At least my points about unit makeup also provides insight on another issue: how the Anti-Air Missile Launcher, the Fighter, and the Submarine are deemed inept units. The latter two wouldn't be such in a bubble, but all 3 would still be unable to attack infantry. The least expensive unit the Anti-Air Missile Launcher and the Fighter can attack is the Transport Helicopter which map design should be checking to avoid having the APC become redundant; after that, the Battle Helicopter is next and that costs 9000G. You can see how these units are easily undermined by target existence failure and thus are doubly susceptible to the floods. Worth noting in particular is that the original Famicom Wars did at least give the Fighter an MG that could attack land units and that's been kept as a staple in the Game Boy Wars series so it could actually contribute to combatting infantry floods, but Super Famicom Wars locked the Fighter to pure air-to-air and the rest is history.
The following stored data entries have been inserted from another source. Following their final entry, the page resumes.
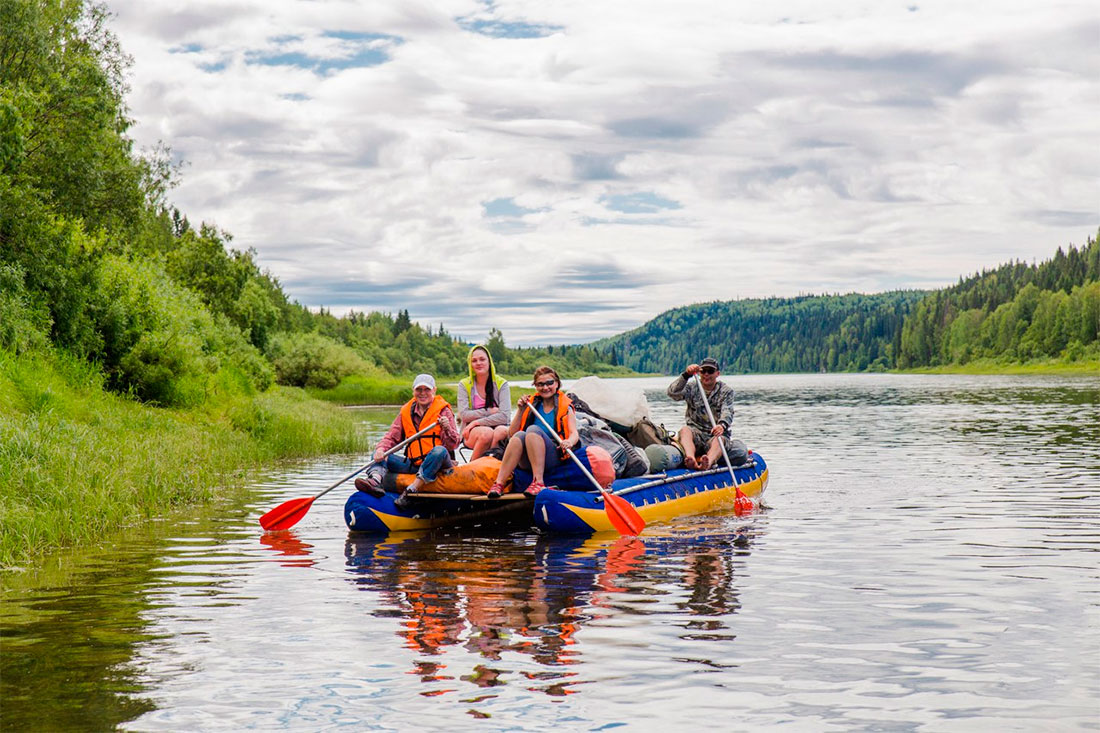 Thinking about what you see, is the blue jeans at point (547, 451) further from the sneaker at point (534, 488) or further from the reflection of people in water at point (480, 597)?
the reflection of people in water at point (480, 597)

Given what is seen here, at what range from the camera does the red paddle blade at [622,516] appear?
13.0 metres

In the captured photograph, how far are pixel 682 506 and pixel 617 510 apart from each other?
2.01 metres

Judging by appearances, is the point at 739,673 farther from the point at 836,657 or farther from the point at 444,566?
the point at 444,566

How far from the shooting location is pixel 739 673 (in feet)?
23.1

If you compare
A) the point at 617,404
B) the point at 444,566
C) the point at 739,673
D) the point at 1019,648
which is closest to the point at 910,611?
the point at 1019,648

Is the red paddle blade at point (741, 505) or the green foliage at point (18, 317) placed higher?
the green foliage at point (18, 317)

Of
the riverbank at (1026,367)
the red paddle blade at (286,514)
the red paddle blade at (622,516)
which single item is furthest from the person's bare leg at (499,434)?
the riverbank at (1026,367)

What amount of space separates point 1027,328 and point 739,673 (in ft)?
518

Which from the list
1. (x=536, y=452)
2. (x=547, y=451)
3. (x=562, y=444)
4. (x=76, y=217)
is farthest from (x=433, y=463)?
(x=76, y=217)

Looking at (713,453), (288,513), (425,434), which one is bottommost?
(288,513)

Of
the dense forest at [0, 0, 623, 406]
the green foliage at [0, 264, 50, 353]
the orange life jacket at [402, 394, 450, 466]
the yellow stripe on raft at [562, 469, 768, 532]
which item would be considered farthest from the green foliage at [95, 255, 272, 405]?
the yellow stripe on raft at [562, 469, 768, 532]

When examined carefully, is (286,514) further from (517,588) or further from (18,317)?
(18,317)

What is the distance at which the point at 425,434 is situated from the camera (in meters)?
13.5

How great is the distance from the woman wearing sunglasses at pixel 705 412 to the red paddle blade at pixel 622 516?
335 centimetres
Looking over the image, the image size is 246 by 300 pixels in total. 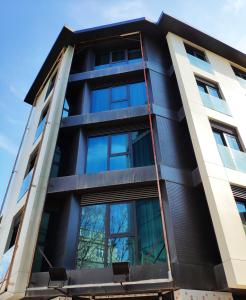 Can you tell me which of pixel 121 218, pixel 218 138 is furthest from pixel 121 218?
pixel 218 138

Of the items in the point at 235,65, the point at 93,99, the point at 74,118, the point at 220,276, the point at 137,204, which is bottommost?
the point at 220,276

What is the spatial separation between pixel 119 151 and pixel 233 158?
4.18 m

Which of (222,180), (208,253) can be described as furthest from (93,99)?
(208,253)

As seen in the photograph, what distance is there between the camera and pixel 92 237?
9062 mm

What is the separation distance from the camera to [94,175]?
1001 centimetres

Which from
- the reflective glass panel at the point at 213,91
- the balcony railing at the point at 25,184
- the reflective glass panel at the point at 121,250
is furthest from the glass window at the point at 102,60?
the reflective glass panel at the point at 121,250

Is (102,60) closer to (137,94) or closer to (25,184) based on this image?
(137,94)

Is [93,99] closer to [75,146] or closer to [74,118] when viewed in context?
[74,118]

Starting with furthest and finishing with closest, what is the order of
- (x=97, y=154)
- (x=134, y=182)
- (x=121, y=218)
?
(x=97, y=154)
(x=134, y=182)
(x=121, y=218)

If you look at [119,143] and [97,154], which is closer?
[97,154]

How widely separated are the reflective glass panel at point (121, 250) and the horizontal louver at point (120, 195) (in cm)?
140

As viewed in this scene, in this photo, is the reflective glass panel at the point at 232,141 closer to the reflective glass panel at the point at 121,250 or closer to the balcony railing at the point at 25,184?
the reflective glass panel at the point at 121,250

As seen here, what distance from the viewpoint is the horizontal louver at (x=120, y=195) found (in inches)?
378

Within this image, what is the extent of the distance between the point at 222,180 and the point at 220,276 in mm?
2859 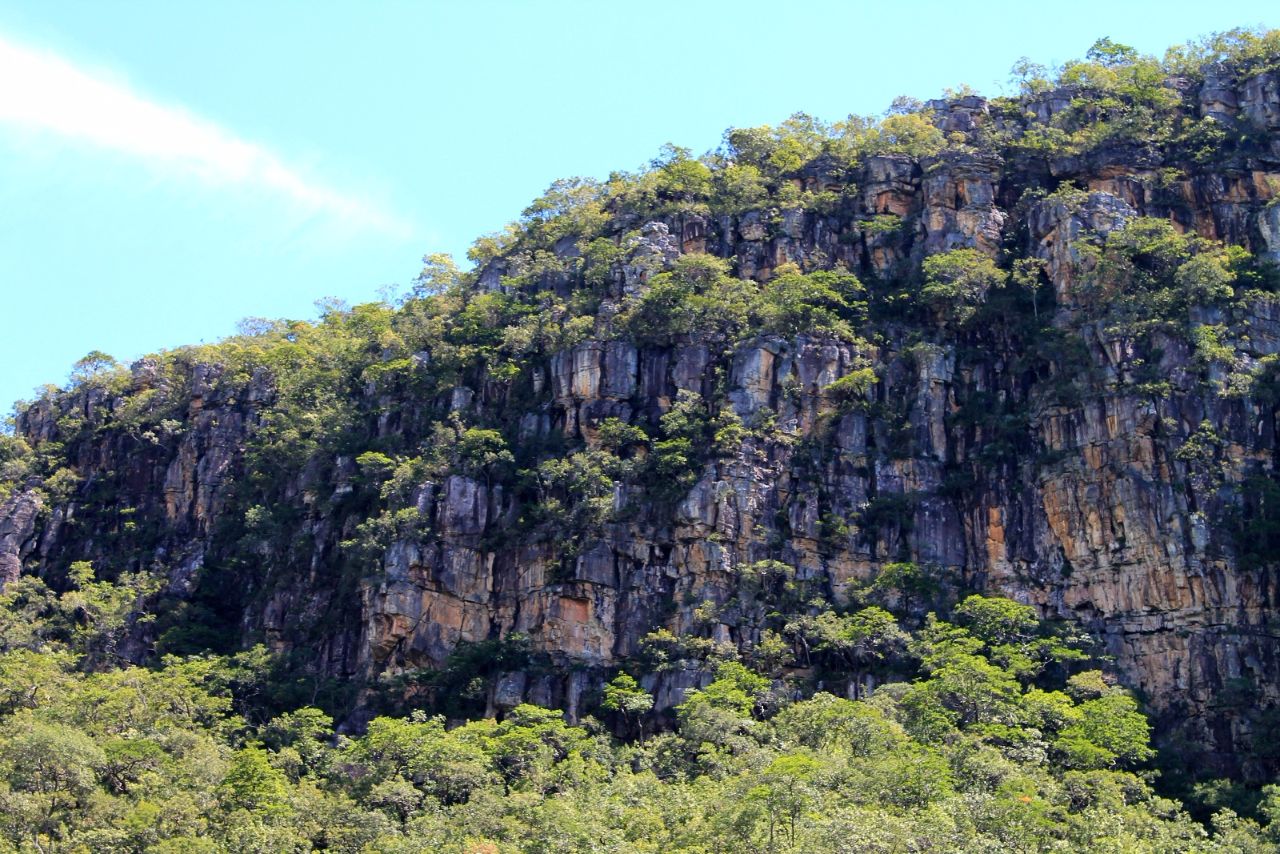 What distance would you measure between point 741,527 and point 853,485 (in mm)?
3829

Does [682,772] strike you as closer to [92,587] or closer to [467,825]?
[467,825]

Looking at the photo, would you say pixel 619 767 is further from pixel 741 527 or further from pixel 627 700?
pixel 741 527

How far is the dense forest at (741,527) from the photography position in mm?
47219

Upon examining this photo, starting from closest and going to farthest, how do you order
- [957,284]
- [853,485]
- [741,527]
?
1. [741,527]
2. [853,485]
3. [957,284]

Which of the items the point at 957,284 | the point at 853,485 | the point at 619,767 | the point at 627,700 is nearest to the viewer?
the point at 619,767

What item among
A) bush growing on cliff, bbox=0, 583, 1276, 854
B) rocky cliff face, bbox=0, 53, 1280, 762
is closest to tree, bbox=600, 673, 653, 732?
bush growing on cliff, bbox=0, 583, 1276, 854

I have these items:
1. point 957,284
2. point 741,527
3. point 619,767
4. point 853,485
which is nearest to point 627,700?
point 619,767

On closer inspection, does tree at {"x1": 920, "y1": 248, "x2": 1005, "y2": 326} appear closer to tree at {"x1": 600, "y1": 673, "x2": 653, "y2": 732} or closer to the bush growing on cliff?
the bush growing on cliff

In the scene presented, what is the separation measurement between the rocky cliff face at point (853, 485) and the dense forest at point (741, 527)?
120mm

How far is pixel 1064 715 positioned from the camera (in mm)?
50281

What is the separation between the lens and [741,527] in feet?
189

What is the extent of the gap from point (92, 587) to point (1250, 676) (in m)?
34.8

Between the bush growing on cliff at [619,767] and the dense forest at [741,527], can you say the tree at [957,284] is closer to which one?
the dense forest at [741,527]

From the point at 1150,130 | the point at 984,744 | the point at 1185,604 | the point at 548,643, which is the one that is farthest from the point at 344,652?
the point at 1150,130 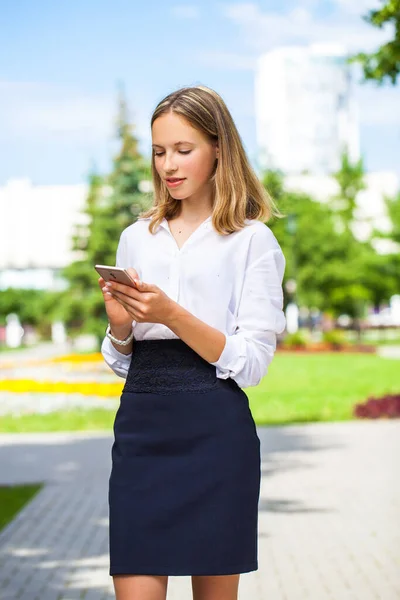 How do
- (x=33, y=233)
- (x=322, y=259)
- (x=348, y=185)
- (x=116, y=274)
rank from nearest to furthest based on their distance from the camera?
(x=116, y=274)
(x=322, y=259)
(x=348, y=185)
(x=33, y=233)

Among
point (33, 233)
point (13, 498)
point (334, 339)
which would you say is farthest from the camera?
point (33, 233)

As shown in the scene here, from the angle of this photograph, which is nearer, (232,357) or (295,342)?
(232,357)

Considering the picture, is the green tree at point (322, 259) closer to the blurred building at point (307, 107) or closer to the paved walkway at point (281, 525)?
the paved walkway at point (281, 525)

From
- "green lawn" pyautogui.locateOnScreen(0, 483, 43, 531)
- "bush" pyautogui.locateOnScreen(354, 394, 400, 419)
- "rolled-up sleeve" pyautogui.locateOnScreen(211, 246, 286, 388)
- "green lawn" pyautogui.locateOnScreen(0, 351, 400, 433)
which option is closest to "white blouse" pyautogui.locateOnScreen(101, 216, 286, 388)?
"rolled-up sleeve" pyautogui.locateOnScreen(211, 246, 286, 388)

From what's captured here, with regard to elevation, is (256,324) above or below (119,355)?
above

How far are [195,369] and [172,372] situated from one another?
62 mm

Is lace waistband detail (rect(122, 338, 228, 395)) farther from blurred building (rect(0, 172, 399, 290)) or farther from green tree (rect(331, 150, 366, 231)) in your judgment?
blurred building (rect(0, 172, 399, 290))

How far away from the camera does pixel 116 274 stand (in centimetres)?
268

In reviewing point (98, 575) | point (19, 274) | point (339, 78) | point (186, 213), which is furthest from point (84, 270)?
point (339, 78)

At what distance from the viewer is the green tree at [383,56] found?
11.3 metres

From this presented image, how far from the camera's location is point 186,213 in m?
3.14

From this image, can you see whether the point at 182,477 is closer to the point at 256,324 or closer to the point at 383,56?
the point at 256,324

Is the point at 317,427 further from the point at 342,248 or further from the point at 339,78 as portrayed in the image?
the point at 339,78

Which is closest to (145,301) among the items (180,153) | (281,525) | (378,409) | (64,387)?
(180,153) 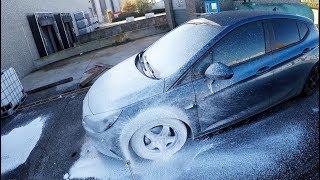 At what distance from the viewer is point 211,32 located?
435 centimetres

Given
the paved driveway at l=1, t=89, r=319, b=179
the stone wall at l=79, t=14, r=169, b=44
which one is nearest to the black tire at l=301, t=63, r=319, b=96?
the paved driveway at l=1, t=89, r=319, b=179

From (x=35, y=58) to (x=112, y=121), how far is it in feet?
36.2

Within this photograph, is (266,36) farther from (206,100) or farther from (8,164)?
(8,164)

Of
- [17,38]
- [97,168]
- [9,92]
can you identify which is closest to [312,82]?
[97,168]

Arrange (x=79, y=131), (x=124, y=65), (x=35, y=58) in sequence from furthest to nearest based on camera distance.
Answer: (x=35, y=58) → (x=79, y=131) → (x=124, y=65)

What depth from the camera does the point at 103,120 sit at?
12.9ft

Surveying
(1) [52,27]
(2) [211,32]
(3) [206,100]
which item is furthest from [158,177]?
(1) [52,27]

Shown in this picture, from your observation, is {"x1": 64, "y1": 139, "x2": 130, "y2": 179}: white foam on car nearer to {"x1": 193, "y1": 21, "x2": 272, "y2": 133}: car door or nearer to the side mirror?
{"x1": 193, "y1": 21, "x2": 272, "y2": 133}: car door

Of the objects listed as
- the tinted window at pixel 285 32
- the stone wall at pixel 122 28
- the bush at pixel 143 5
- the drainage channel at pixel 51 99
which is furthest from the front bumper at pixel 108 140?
the bush at pixel 143 5

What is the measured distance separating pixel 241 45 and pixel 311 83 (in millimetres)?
1672

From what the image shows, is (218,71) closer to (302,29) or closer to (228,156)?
(228,156)

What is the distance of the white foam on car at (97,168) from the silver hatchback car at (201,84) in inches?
12.1

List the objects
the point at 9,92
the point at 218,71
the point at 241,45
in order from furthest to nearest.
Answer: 1. the point at 9,92
2. the point at 241,45
3. the point at 218,71

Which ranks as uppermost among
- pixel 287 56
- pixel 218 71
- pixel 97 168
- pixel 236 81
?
pixel 218 71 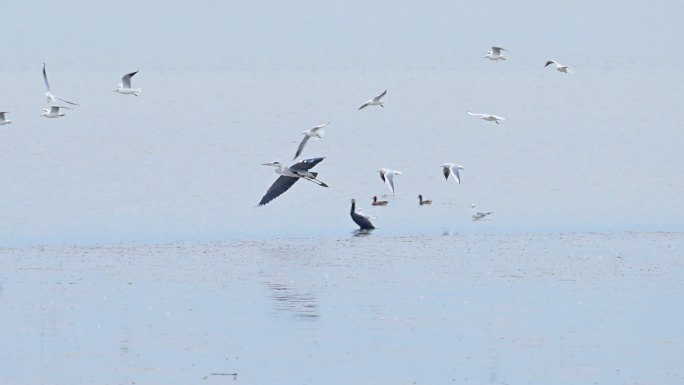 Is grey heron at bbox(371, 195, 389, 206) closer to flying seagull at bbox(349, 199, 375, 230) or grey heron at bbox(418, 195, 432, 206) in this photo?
grey heron at bbox(418, 195, 432, 206)

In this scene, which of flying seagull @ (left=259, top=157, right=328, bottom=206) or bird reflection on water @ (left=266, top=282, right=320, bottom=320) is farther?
flying seagull @ (left=259, top=157, right=328, bottom=206)

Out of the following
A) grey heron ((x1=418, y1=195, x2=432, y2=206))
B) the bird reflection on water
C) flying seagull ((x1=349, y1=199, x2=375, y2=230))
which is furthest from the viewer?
grey heron ((x1=418, y1=195, x2=432, y2=206))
The Anti-Air Missile Launcher never even got that much except in Battalion Wars 1 (by happy accident) and my PALBal patch of Game Boy Wars 3. It gets away with this issue in Battalion Wars because units are predeployed there anyway, but the turn-based games have more of a sandbox nature where air units will not easily be as common. As for the Submarine, it attacks only naval units and all that implies with their even higher costs.
Closing[]
When all is said and done, this analysis doesn't change how the games are designed and probably won't do anything useful for them. Foot soldier flooding is still going to be a concern in the built-in games. However, the whole point is to see what happens and how future games can fix the underlying issues while maintaining what does work. Of course, it does mean having to get past the communities' racism and its enablers. Nevertheless, I can at least provide my 2 cents about gameplay where the racists and their enablers won't have the power to throw about their gross hypocrisies.
One thing is for sure: when it comes to gameplay and not social issues, infantry spam methods do have to be called out and analyzed.